Moralische Urteile haben Besonderheiten. Urteile wie „Sie Betrüger!“ oder „Er ist ein selbstloser, begeisterter Arzt!“ sind mit starken Emotionen verbunden. Ein Philosoph vertritt sogar die Meinung, dass bei moralischen Urteilen der emotionale Hund mit seinem rationalen Schwanz wedelt [6]. Er begründet dies unter anderem mit einem Experiment, bei dem leicht hypnotisierbare Personen in Hypnose den Auftrag erhielten, bei zufällig ausgewählten Wörtern wie dem Wort „oft“ Ekel zu empfinden. Dann wurden den Personen Kurzgeschichten erzählt, die manchmal etwas moralisch Verwerfliches enthielten, dann wieder nicht, z.B.: „Daniel ist der Schülervertreter der Schule. Dieses Semester organisiert er eine Reihe von Diskussionen über akademische Themen. Er wählt oft Themen aus, die sowohl den Schülern als auch den Professoren gefallen.“ Interessanterweise empfinden die Versuchspersonen nicht nur Ekel, wie in Hypnose aufgetragen, sondern verurteilen Daniel auch moralisch, weil er ein Snob ist, bis zu „ich weiß nicht genau, was er falsch macht, aber es ist nicht richtig, was er macht“.

Moralische Urteile sind Diskussionsstopper. Die Aussage: „Man darf einen Menschen nicht töten, nur weil man Lust darauf hat!“ braucht man nicht mehr weiter diskutieren. Sie können aber nur dann Diskussionsstopper sein, wenn sie den Anspruch der allgemeinen Gültigkeit erheben.

Trotz des Anspruchs der Allgemeingültigkeit wird man für die meisten moralischen Urteile zumindest 2 Menschen finden, die eine gegensätzliche Position vertreten. Denken Sie an Guantanamo. Viele Amerikaner halten Folter für erlaubt und notwendig, um einen weiteren Anschlag wie den auf das World Trade Center zu verhindern. Viele Europäer lehnen Folter auch in diesem Fall strikt ab.

Wir haben somit die paradoxe Situation, dass die Autorität moralischer Urteile auf ihrer vermeintlichen Allgemeingültigkeit beruht, während moralische Urteile wohl eher zu gesellschaftlich erwünschtem Verhalten ermutigen. Werte sind wohl eines der wichtigsten Mittel zur gegenseitigen Koordinierung des Lebens. Wir appellieren an sie, um etwas gemeinsam zu erreichen [7].

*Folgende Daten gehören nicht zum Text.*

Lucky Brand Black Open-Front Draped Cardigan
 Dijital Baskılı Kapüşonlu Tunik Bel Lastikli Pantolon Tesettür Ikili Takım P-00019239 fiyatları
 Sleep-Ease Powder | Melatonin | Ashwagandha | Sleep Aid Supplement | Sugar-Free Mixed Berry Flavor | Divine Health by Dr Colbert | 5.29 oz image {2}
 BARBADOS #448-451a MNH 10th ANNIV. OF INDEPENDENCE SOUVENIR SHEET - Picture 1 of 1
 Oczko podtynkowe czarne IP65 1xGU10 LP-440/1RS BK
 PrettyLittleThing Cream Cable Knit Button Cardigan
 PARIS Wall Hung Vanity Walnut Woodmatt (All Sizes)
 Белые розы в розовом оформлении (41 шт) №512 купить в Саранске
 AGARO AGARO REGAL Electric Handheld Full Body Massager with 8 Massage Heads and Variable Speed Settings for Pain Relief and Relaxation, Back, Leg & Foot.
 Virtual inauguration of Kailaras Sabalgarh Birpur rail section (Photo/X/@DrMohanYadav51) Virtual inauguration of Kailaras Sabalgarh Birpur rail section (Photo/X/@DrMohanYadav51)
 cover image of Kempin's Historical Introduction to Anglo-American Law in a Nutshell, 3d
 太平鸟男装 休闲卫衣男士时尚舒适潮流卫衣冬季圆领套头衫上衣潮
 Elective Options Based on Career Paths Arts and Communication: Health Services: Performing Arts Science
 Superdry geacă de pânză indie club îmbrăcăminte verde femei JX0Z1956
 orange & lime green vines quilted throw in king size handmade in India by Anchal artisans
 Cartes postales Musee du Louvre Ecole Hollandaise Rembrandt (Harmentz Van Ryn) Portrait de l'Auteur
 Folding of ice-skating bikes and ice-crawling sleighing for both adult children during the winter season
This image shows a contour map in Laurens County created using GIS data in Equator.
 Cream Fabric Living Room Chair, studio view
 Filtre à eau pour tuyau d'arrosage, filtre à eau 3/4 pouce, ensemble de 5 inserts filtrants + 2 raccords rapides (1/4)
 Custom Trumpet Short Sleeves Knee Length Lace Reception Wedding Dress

Unterschiedliche Berufsgruppen, ob niedergelassen oder im Krankenhaus tätig, haben etwas unterschiedliche Ziele und auch Werte. Die Fiktion der Allgemeingültigkeit ist nur erreichbar, wenn wir uns auf allgemein gesellschaftlich akzeptierte Ziele stützen.

Gehen wir von der Idee des mündigen Staatsbürgers aus, der für sich entscheiden kann, welche politische Partei er wählt, ob er Schulden macht, und welcher Behandlung er sich unterzieht. Es ist notwendig, dass er für seine Entscheidungen ausreichend informiert wird. So wie es dessen Einwilligung bedarf, um eine Operation durchzuführen, so ist es nur konsistent, dass wir unseren Patienten sagen müssen, wenn wir eine Placebo-äquivalente Behandlung durchführen.

Damit stehen wir aber vor einem Dilemma! Wir müssen sagen, dass wir eine Placebo-Behandlung empfehlen. Sagen wir dies, so gefährden wir den Erfolg der Behandlung!